York T P, Eaves L J
Department of Human Genetics, Medical College of Virginia, Virginia Commonwealth University, Richmond, Virginia, USA.
Genet Epidemiol. 2001;21 Suppl 1:S649-54. doi: 10.1002/gepi.2001.21.s1.s649.
A newly developed modern analytic approach, Multivariate Adaptive Regression Splines (MARS), was used to identify both genetic and non-genetic factors involved in the etiology of a common disease. We tested this method on the simulated data provided by the Genetic Analysis Workshop (GAW) 12 in problem 2 for the isolated population.
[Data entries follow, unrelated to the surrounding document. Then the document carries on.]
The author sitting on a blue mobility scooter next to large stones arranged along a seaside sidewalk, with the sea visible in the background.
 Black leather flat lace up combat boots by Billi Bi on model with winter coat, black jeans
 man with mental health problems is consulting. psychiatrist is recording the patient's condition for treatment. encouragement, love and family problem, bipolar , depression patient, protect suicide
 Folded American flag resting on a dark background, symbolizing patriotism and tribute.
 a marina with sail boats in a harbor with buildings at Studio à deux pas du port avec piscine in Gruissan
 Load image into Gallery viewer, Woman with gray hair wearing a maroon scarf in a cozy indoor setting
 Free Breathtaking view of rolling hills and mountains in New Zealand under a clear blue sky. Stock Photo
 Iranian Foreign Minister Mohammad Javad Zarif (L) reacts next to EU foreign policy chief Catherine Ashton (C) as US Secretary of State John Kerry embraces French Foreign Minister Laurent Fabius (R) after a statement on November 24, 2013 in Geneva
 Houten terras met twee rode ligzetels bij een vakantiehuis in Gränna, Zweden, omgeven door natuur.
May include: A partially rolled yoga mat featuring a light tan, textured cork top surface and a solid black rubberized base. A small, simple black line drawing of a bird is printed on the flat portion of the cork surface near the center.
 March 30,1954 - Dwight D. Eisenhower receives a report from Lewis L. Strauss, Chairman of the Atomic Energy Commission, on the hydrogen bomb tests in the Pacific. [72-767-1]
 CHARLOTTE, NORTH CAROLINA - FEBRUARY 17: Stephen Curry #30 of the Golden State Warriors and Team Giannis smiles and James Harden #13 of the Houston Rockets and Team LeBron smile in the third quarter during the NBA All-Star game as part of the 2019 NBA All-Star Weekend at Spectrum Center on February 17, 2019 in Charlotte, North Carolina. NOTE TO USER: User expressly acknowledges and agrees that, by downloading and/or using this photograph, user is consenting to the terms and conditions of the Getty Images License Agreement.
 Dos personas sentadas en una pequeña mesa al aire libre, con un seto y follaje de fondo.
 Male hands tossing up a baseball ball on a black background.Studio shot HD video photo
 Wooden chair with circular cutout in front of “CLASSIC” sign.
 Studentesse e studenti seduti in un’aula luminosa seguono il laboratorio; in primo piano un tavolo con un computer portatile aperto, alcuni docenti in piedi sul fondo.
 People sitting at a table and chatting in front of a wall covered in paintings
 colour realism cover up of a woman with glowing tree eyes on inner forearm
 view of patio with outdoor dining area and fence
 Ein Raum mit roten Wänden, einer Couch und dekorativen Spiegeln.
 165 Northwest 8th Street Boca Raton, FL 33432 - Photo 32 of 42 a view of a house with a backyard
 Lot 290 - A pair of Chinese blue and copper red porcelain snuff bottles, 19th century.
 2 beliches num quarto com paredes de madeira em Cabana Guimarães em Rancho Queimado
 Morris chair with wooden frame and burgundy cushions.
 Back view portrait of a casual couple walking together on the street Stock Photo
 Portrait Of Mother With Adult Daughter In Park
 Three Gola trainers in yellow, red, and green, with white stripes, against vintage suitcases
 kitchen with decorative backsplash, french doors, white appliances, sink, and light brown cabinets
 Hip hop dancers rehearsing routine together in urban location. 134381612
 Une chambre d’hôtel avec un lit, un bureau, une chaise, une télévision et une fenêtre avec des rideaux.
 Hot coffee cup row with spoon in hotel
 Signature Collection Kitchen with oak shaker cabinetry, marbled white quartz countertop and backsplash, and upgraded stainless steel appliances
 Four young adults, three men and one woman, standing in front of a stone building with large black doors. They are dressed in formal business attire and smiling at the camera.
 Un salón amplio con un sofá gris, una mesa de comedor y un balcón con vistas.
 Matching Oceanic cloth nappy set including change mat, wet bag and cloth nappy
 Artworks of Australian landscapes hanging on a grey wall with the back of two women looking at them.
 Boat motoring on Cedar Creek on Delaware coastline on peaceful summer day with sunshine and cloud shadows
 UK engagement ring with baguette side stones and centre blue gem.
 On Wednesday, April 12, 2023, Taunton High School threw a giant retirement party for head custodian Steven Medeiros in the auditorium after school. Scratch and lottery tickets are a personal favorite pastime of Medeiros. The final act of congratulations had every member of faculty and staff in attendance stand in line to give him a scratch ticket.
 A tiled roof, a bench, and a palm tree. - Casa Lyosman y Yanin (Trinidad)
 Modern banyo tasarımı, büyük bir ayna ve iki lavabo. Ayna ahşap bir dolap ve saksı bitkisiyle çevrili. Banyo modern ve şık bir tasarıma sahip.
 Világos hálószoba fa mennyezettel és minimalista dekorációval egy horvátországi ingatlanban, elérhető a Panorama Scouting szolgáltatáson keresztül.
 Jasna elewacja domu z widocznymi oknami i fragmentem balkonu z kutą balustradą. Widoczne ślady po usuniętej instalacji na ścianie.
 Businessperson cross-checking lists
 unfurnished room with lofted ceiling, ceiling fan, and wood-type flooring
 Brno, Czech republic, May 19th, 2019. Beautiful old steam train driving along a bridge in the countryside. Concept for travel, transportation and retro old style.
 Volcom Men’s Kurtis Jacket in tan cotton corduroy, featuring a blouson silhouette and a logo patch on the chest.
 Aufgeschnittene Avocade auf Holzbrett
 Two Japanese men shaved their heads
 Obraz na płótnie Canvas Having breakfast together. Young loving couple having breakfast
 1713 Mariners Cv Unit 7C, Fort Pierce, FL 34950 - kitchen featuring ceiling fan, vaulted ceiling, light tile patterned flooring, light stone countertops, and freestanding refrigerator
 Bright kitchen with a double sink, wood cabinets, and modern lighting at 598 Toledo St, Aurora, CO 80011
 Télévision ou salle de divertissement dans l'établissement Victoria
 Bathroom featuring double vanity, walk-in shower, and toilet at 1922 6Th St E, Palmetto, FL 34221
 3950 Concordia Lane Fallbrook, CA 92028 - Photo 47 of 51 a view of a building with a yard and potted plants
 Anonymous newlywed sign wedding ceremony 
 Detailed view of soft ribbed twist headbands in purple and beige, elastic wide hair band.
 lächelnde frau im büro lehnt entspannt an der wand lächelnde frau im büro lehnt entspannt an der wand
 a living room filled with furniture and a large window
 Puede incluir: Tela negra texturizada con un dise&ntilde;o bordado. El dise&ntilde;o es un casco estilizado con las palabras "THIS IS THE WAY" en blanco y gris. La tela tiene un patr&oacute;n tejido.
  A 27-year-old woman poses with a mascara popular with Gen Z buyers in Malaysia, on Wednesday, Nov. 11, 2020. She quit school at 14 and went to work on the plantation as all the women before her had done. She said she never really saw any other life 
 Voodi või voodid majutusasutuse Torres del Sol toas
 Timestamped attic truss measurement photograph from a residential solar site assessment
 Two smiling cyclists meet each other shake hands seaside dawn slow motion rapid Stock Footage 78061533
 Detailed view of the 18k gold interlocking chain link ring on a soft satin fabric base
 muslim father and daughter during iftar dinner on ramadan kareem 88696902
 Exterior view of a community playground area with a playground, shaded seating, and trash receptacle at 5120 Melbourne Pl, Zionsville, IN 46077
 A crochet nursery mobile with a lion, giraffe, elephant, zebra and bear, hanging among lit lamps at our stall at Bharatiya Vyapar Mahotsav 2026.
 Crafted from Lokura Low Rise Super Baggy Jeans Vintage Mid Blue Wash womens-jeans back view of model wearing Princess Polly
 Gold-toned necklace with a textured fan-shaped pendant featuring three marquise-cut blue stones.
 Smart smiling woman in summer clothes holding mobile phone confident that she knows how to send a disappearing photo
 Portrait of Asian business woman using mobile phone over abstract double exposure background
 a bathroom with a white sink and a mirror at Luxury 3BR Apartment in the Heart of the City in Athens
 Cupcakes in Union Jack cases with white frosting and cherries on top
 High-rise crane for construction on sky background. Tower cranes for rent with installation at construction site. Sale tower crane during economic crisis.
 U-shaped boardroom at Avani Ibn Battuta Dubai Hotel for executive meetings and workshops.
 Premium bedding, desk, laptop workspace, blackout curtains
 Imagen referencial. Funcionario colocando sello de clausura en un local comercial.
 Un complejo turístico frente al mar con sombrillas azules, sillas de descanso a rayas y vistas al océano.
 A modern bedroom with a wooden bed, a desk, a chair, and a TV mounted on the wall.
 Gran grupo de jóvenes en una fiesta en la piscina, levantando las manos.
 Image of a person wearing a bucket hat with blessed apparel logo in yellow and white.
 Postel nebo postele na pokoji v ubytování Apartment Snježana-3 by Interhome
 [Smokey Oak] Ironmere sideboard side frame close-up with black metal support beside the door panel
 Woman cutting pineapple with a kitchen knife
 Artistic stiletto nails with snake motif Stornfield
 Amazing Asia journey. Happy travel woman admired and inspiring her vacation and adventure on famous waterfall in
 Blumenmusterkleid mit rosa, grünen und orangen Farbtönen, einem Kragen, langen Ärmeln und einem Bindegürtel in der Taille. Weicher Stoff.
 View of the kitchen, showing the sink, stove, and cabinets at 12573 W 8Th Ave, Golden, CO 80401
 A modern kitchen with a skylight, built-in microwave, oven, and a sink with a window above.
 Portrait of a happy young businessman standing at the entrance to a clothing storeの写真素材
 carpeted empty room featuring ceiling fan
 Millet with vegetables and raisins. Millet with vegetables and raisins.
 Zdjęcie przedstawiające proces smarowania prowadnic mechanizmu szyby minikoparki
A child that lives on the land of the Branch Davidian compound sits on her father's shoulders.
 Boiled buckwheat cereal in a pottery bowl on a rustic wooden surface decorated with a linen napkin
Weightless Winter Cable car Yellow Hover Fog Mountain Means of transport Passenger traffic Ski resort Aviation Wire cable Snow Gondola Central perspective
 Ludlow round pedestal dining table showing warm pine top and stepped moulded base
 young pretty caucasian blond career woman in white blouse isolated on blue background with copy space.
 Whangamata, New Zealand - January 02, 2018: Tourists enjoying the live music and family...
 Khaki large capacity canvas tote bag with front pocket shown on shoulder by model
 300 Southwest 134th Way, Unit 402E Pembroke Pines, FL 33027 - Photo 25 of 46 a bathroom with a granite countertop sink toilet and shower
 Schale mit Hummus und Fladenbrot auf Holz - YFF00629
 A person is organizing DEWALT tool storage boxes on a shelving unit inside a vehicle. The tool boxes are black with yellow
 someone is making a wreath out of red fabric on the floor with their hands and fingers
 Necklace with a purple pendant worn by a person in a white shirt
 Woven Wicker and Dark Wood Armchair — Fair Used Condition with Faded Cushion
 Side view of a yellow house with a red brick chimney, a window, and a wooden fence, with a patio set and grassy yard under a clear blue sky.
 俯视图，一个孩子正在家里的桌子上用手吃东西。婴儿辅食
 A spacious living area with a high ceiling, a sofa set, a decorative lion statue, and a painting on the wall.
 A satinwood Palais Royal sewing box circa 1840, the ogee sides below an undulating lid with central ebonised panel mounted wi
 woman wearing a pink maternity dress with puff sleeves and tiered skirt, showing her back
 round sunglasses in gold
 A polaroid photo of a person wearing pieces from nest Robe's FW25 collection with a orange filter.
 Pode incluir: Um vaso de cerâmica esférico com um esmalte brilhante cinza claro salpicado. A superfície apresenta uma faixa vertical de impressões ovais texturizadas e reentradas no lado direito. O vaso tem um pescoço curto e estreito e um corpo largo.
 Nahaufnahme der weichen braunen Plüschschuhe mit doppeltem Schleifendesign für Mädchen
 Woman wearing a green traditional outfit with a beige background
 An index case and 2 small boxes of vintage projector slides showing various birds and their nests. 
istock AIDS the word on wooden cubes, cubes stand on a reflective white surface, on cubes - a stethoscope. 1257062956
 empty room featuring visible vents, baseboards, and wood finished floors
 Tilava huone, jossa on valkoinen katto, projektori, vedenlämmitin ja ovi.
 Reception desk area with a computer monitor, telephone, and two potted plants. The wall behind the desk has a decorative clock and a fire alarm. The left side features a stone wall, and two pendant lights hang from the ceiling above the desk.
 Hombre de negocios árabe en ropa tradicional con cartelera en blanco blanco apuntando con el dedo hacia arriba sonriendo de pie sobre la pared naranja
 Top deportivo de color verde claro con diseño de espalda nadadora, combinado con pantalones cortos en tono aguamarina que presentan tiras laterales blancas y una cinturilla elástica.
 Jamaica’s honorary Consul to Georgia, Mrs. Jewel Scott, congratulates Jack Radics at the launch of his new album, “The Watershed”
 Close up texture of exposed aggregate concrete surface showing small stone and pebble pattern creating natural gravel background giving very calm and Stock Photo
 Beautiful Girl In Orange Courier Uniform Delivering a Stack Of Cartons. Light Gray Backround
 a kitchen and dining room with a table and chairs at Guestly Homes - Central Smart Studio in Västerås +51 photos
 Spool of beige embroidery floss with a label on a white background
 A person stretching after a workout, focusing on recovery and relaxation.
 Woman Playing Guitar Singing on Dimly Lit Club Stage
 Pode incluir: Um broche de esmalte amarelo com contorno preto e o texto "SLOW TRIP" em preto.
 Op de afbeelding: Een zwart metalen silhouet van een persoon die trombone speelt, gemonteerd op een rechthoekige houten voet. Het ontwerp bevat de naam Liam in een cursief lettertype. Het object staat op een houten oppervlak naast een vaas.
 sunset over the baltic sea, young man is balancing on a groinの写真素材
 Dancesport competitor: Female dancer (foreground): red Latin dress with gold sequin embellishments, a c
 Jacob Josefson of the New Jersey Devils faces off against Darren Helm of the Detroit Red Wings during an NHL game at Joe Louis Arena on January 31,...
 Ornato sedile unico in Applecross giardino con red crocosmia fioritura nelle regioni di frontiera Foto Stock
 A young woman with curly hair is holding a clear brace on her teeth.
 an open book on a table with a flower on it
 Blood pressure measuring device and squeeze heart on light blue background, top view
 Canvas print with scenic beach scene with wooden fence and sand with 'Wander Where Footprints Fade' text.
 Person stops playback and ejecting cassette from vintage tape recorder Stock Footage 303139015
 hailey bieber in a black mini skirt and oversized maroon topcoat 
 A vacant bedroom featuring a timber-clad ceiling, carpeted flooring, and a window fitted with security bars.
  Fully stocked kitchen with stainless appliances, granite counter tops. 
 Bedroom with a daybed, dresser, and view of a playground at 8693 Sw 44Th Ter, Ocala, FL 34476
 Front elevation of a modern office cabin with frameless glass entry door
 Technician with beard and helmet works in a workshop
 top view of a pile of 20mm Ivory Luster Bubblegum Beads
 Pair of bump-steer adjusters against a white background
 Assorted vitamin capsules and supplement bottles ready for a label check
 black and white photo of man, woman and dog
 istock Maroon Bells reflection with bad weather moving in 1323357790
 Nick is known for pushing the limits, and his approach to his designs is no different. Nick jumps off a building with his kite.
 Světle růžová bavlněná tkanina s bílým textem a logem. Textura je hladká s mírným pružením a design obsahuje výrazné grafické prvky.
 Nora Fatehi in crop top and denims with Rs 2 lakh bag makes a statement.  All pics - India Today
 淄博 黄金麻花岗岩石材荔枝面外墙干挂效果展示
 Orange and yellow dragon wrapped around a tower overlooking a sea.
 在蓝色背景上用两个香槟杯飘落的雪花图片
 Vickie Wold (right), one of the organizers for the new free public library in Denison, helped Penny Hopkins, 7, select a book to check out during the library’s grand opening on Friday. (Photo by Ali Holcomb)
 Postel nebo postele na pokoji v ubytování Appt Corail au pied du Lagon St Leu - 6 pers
MARS simultaneously analyzes all inputs, in this case DNA sequence variants and non-genetic data, and selectively prunes away variables contributing insignificantly to fit by internal cross-validation to arrive at a generalizable predictive model of the response. The relevant factors identified, by means of an importance value computed by MARS, were assumed to be associated with risk to the disease. The application of a series of subsequent models identified the quantitative traits and a single major gene contributing directly to risk liability using five sets of 7,000 individuals.
一种新开发的现代分析方法——多元自适应回归样条法(MARS),被用于识别一种常见疾病病因中涉及的遗传和非遗传因素。我们在遗传分析研讨会(GAW)12问题2中为隔离人群提供的模拟数据上测试了该方法。MARS同时分析所有输入数据,在这种情况下是DNA序列变异和非遗传数据,并通过内部交叉验证选择性地剔除对拟合贡献不大的变量,从而得出一个可推广的反应预测模型。通过MARS计算的重要性值确定的相关因素被假定与该疾病的风险相关。一系列后续模型的应用使用五组每组7000人的样本,识别出了直接导致患病风险的数量性状和一个主要基因。